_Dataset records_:
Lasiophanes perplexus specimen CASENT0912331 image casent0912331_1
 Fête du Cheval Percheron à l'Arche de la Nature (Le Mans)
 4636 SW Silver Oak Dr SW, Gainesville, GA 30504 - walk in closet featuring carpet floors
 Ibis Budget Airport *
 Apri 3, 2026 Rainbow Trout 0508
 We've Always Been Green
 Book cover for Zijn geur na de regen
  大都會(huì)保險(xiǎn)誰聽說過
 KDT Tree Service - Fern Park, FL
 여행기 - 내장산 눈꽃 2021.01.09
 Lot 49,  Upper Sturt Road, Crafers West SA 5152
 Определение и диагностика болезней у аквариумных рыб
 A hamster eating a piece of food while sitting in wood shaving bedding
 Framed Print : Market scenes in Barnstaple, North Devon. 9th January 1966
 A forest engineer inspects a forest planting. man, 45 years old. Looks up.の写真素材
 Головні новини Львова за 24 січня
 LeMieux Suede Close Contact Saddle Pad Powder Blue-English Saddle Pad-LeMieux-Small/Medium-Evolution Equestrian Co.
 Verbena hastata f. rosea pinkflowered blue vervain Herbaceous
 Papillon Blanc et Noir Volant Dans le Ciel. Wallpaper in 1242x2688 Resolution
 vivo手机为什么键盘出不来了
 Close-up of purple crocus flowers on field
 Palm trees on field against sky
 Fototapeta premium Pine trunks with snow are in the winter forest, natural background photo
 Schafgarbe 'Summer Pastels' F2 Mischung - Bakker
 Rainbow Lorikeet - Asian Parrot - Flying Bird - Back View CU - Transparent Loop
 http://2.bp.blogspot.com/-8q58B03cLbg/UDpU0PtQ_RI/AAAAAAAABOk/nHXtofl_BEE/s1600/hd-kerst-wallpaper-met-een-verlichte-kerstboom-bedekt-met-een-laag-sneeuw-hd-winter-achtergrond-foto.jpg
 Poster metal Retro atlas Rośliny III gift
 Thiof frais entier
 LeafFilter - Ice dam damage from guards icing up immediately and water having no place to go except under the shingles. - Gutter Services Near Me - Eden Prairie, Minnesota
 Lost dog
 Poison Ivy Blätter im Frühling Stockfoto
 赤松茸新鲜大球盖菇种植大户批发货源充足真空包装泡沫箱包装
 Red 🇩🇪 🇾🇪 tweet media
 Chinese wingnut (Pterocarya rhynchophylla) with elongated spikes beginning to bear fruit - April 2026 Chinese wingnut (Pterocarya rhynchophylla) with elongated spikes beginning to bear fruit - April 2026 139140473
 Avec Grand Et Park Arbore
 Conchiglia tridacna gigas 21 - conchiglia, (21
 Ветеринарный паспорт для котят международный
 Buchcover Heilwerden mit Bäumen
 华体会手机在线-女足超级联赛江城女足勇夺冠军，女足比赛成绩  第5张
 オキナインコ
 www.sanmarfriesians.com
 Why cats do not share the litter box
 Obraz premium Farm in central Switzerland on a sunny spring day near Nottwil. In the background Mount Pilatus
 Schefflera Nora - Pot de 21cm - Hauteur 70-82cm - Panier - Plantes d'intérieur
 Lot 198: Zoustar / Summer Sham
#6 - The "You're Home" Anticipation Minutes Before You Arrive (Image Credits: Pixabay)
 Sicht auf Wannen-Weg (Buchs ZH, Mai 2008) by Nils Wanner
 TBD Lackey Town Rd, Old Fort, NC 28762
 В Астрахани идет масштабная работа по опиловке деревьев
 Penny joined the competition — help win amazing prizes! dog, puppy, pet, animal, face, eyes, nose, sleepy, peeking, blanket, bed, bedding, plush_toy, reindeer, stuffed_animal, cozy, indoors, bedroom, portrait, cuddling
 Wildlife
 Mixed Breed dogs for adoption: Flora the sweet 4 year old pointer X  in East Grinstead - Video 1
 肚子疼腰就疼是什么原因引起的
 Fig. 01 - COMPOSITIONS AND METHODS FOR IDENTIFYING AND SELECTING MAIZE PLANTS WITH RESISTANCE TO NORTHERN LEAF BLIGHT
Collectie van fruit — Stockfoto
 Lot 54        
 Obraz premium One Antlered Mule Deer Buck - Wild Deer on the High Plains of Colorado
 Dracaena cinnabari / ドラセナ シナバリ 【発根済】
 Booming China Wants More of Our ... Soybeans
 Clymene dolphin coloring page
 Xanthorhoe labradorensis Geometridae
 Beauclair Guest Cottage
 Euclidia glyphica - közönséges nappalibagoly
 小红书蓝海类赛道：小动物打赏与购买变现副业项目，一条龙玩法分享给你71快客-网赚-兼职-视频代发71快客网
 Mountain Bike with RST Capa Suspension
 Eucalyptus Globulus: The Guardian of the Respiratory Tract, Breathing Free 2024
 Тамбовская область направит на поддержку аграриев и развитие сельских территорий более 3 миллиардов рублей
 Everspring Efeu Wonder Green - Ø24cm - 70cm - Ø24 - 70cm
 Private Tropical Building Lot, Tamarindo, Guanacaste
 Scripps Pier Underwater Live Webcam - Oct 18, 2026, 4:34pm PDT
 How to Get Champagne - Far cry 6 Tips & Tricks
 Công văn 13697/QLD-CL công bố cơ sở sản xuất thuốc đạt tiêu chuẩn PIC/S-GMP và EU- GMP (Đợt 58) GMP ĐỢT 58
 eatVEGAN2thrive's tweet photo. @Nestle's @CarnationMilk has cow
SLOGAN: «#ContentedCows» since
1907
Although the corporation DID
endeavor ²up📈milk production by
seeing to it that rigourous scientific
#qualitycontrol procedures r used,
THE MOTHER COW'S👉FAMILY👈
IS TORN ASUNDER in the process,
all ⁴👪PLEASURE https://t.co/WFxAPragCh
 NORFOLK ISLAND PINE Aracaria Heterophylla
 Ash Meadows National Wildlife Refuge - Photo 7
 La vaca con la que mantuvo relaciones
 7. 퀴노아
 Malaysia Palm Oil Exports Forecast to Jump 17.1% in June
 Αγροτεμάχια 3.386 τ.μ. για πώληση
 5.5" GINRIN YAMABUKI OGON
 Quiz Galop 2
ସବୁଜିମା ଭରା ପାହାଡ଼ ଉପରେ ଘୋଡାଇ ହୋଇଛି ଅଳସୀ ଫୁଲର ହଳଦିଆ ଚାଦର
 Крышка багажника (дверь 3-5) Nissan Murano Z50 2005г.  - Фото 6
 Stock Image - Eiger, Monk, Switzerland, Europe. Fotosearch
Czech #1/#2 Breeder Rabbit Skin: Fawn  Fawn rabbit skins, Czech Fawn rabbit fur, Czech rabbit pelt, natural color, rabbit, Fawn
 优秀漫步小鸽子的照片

_PROBLEM TO WORK ON_: From the entries above, give again exactly the lines running from the line with "Avec Grand Et Park Arbore" to the line with "Mountain Bike with RST Capa Suspension"; include both of those lines.

_RESULT BELOW_:
 Avec Grand Et Park Arbore
 Conchiglia tridacna gigas 21 - conchiglia, (21
 Ветеринарный паспорт для котят международный
 Buchcover Heilwerden mit Bäumen
 华体会手机在线-女足超级联赛江城女足勇夺冠军，女足比赛成绩  第5张
 オキナインコ
 www.sanmarfriesians.com
 Why cats do not share the litter box
 Obraz premium Farm in central Switzerland on a sunny spring day near Nottwil. In the background Mount Pilatus
 Schefflera Nora - Pot de 21cm - Hauteur 70-82cm - Panier - Plantes d'intérieur
 Lot 198: Zoustar / Summer Sham
#6 - The "You're Home" Anticipation Minutes Before You Arrive (Image Credits: Pixabay)
 Sicht auf Wannen-Weg (Buchs ZH, Mai 2008) by Nils Wanner
 TBD Lackey Town Rd, Old Fort, NC 28762
 В Астрахани идет масштабная работа по опиловке деревьев
 Penny joined the competition — help win amazing prizes! dog, puppy, pet, animal, face, eyes, nose, sleepy, peeking, blanket, bed, bedding, plush_toy, reindeer, stuffed_animal, cozy, indoors, bedroom, portrait, cuddling
 Wildlife
 Mixed Breed dogs for adoption: Flora the sweet 4 year old pointer X  in East Grinstead - Video 1
 肚子疼腰就疼是什么原因引起的
 Fig. 01 - COMPOSITIONS AND METHODS FOR IDENTIFYING AND SELECTING MAIZE PLANTS WITH RESISTANCE TO NORTHERN LEAF BLIGHT
Collectie van fruit — Stockfoto
 Lot 54        
 Obraz premium One Antlered Mule Deer Buck - Wild Deer on the High Plains of Colorado
 Dracaena cinnabari / ドラセナ シナバリ 【発根済】
 Booming China Wants More of Our ... Soybeans
 Clymene dolphin coloring page
 Xanthorhoe labradorensis Geometridae
 Beauclair Guest Cottage
 Euclidia glyphica - közönséges nappalibagoly
 小红书蓝海类赛道：小动物打赏与购买变现副业项目，一条龙玩法分享给你71快客-网赚-兼职-视频代发71快客网
 Mountain Bike with RST Capa Suspension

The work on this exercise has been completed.